Segment Start: RAW DATA

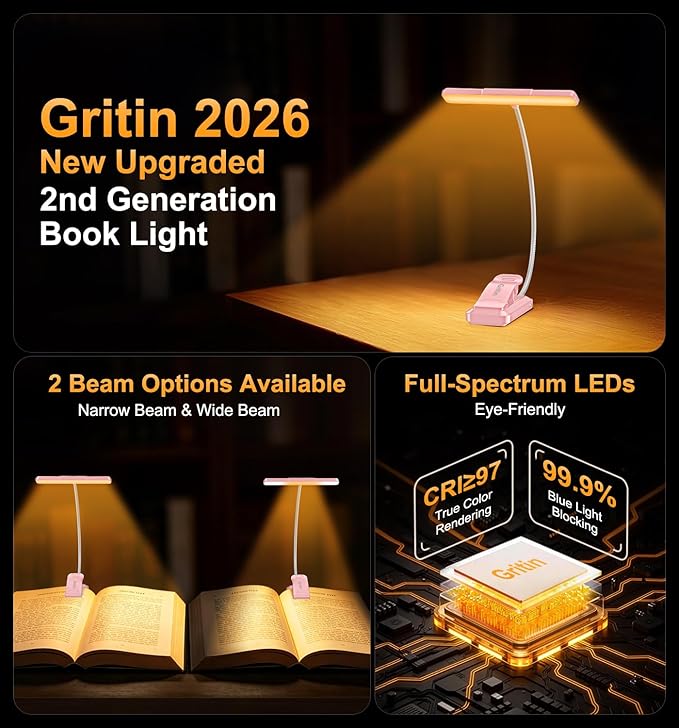 Gritin 2026 Gen 2 Book Light for Reading- 32 Eye Caring Full Spectrum LED, 5 Colors & 5 Brightness, Adjustable Wide/Narrow Beam, Upgrade 1500mAh Long-Lasting Clip on Light for Book Lovers-Pink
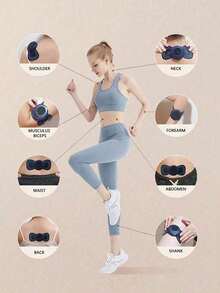 1pc Rechargeable Portable Mini Neck Massager, Electric Neck Massage Pad To Relieve Shoulder & Neck Stress, EMS Microcurrent Neck Massage Patch, 8 Modes 19 Intensity Levels, Suitable For Work, Home And Travel - Blue - View 4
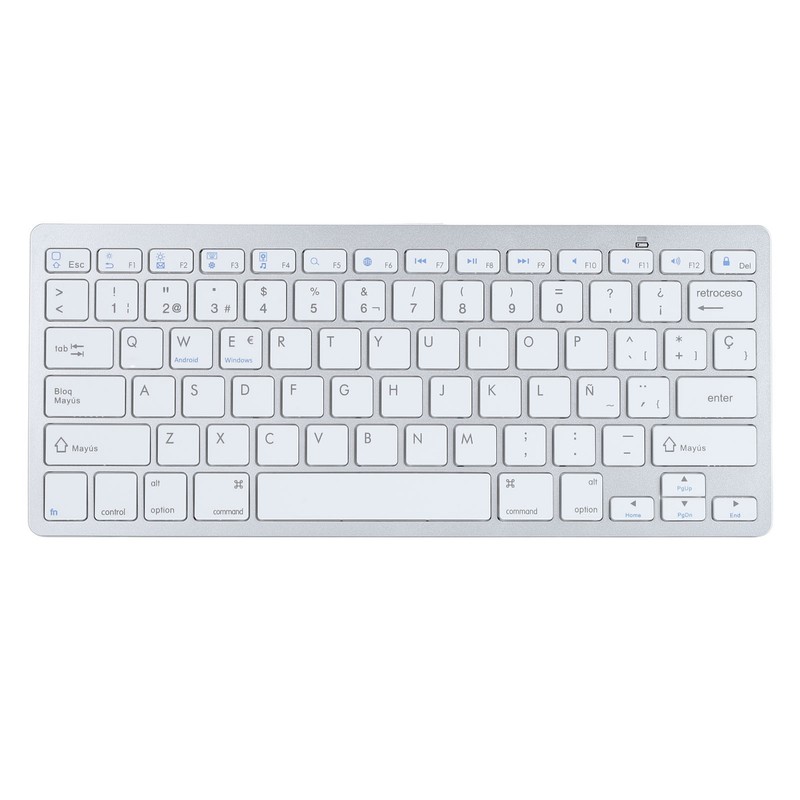 78 Keys Spanish Wireless Bluetooth Keyboard Thin Lightweight Silent Spanish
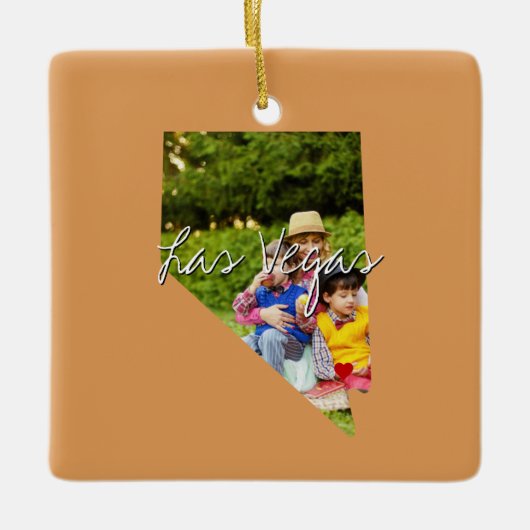Nevada State Photo insert and town name Keramisch Ornament (Voorkant)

Segment End: RAW DATA

• **DIRECTIONS FOR THIS TASK**
Repeat the lines from the line containing "78 Keys Spanish" through the end of the material above exactly, with no pictures and nothing else.

• **THE COMPLETED TASK**
 78 Keys Spanish Wireless Bluetooth Keyboard Thin Lightweight Silent Spanish
Nevada State Photo insert and town name Keramisch Ornament (Voorkant)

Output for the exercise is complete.